On 1/22/2010 3:19 PM, Tarek Ziadé wrote:
[..]
>  How about having an extra argument that would fix the permission? (Fixing
>  the permission is only applicable for tarfile, not zipfile, hence even our
>  callable will become specific to tarfile).
>
>    >>>  shutil.unpack_archive("/tmp/foo.tgz", "/tmp", make_readable=True)
>    >>>  help(shutil.unpack_archive)
>    [...]
>    If `make_readable` is True, then files with limited permission (cannot
>    be read) will be fixed to make them readable by the current user.
That's still the same specific use case. Out of curiosity, how many
archives have you had the
problem with ?

If like I think, this is quite rare, I am -1 to introduce it that way
because you could handle with a generic callable as mentioned.

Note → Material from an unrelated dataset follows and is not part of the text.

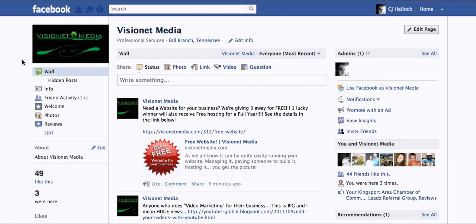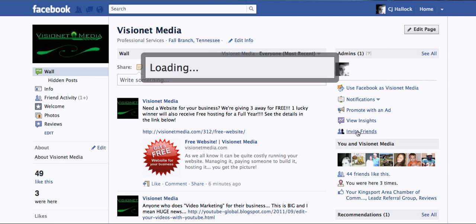It's really simple. Once you're on your Facebook page, this is what the back office is going to look like. You simply go to the right-hand side and click on invite friends.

Yes, it is quite rare (I can recall maybe 2-4 packages having this problem). I see what you mean now. Since it is not a popular issue, adding this to stdlib may not be a good idea.

On 1/22/2010 2:44 PM, Tarek Ziadé wrote:
> Now, for shutil.unpack_archive, we could add a callable option (like
> the progress_filter one)
> that would be called with each newly extracted file, so one may apply
> any process on it.

Will this callable recieve TarInfo objects if the filetype is tarfile? What would it receive otherwise? How can `_ensure_read_write_access` be implemented using this callable? I cannot think of a design for this. (In that case, maybe then the permission setting would happen on the actual extracted files post-extraction).